WHAT TO DO
Copy out the full data exactly as given; pictures should not be included.

─── DATA SEGMENT

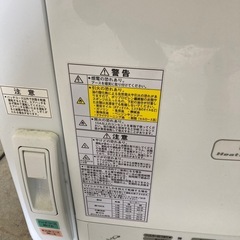 乾燥機の画像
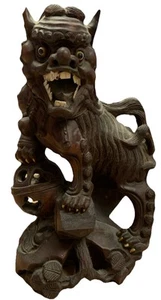 VTG Carved Chinese Wood Fu Dog Sculpture Rare 11” H 6” W Heavy  - Picture 1 of 8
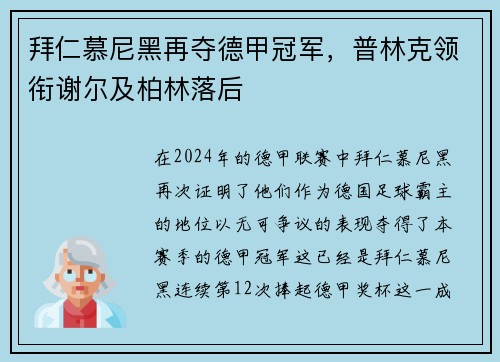 拜仁慕尼黑再夺德甲冠军，普林克领衔谢尔及柏林落后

──────

EXERCISE ANSWER
 乾燥機の画像
 VTG Carved Chinese Wood Fu Dog Sculpture Rare 11” H 6” W Heavy  - Picture 1 of 8
 拜仁慕尼黑再夺德甲冠军，普林克领衔谢尔及柏林落后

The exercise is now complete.